(TO DO) Further down are entries; set down exactly and only the lines from the one with "USAMS φορτιστής τοίχου T24 US-CC090, 2x USB, 2.1A, λευκός USAMS" up to and including the one with "Стартер BOSCH 0 986 012 301", dropping each picture.

(DATA SUPPLIED)
★ ★ ★ ★
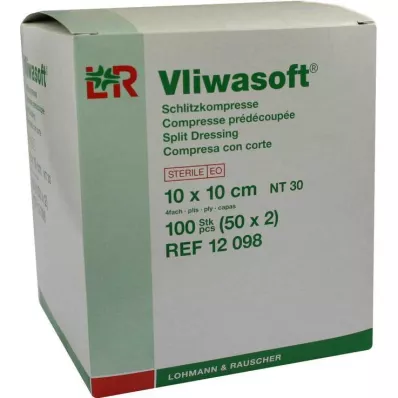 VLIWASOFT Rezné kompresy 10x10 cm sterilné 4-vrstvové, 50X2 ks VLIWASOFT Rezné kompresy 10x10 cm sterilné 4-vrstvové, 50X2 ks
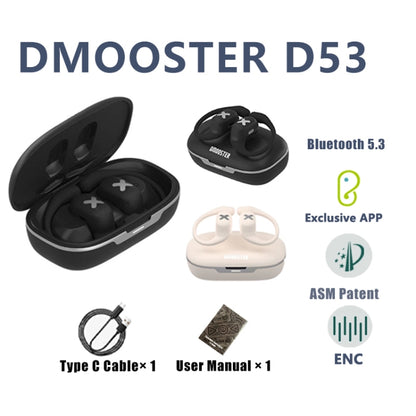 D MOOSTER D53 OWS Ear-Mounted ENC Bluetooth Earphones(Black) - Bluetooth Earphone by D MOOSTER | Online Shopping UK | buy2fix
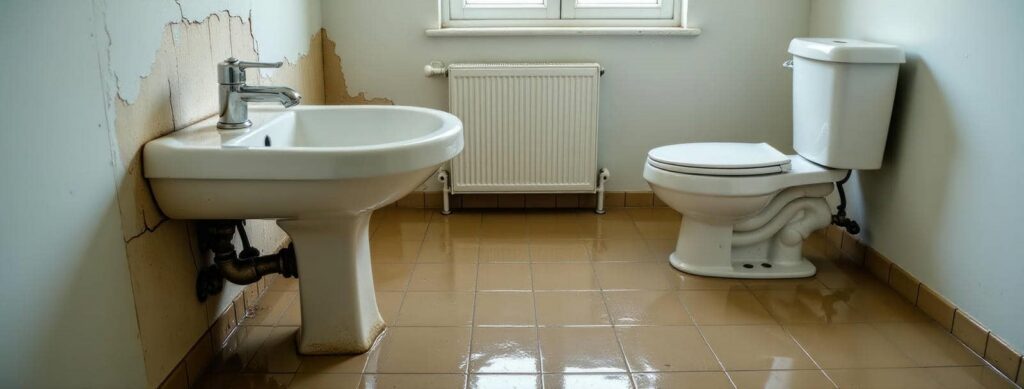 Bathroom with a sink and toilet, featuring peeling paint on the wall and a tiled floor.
★ ★ ★ ★
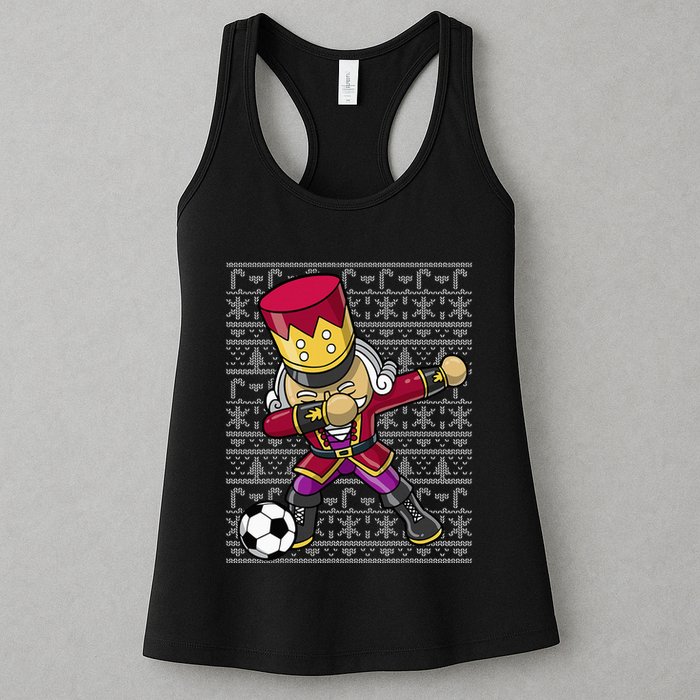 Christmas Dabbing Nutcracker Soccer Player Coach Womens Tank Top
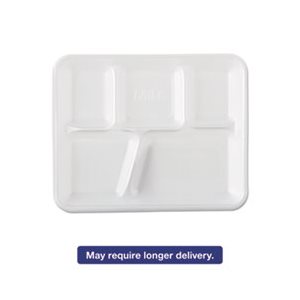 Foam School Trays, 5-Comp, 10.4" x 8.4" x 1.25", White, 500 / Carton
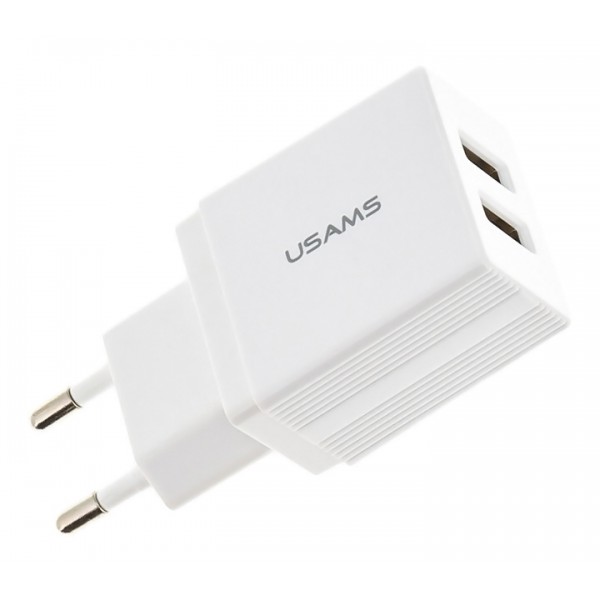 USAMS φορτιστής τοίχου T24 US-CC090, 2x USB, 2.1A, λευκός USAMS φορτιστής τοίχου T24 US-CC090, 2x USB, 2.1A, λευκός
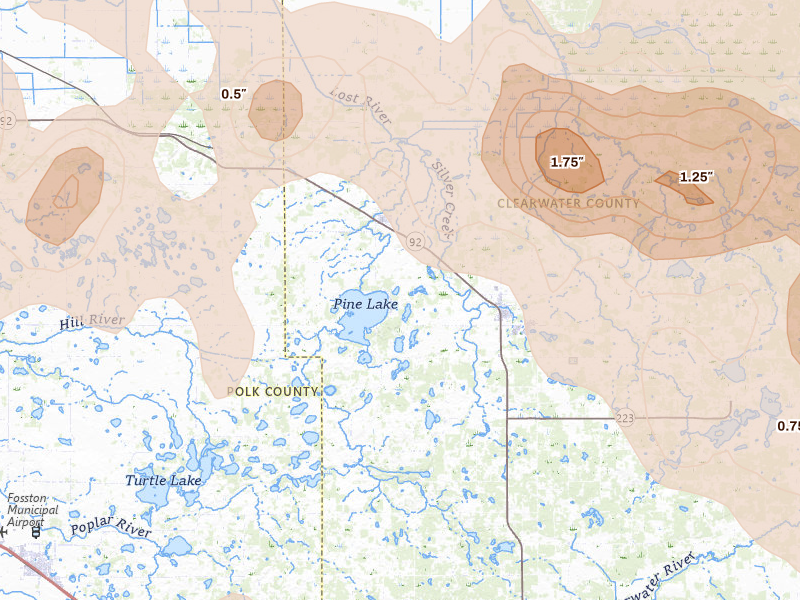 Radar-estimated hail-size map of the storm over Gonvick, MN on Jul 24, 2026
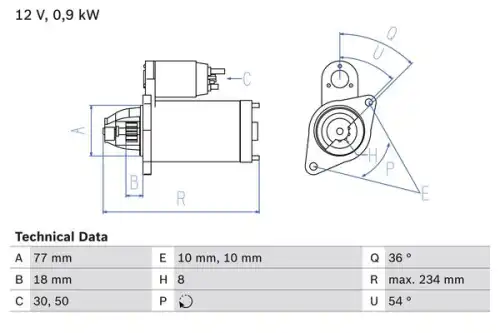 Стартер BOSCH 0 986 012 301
★ ★ ★ ★
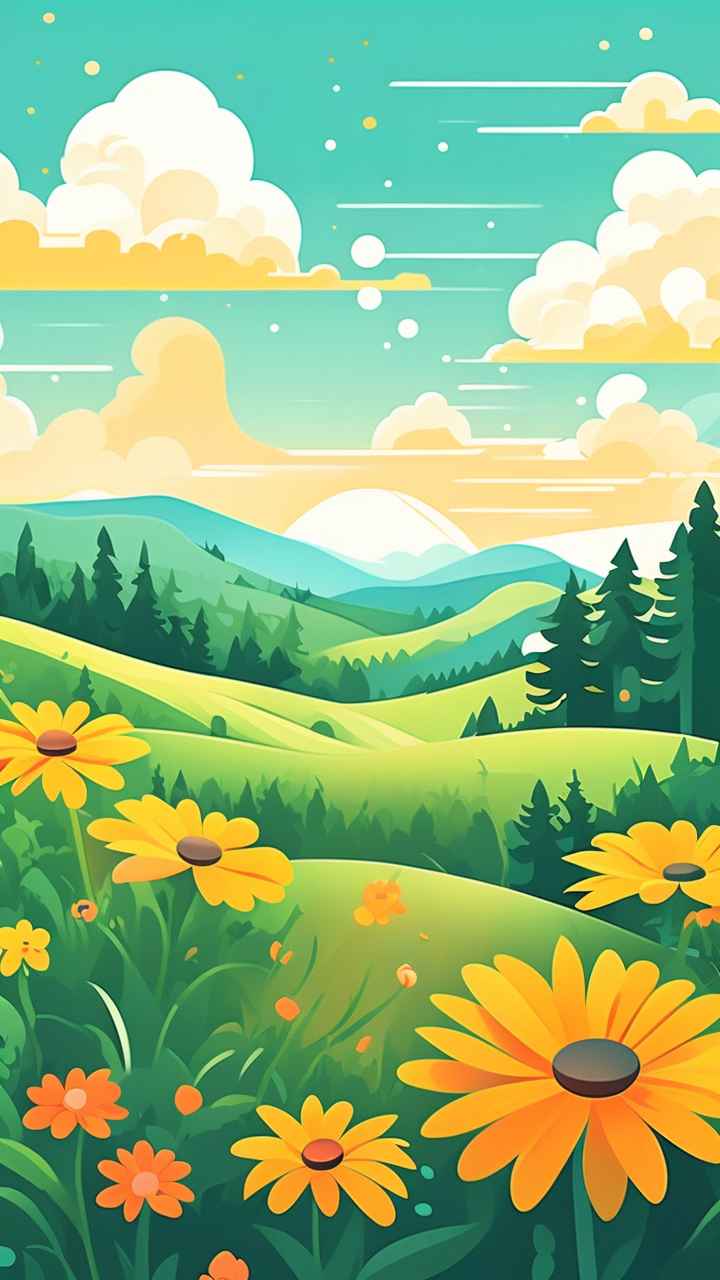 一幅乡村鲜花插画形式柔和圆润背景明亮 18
★ ★ ★ ★
(OUTPUT OF THE TASK)
 USAMS φορτιστής τοίχου T24 US-CC090, 2x USB, 2.1A, λευκός USAMS φορτιστής τοίχου T24 US-CC090, 2x USB, 2.1A, λευκός
 Radar-estimated hail-size map of the storm over Gonvick, MN on Jul 24, 2026
 Стартер BOSCH 0 986 012 301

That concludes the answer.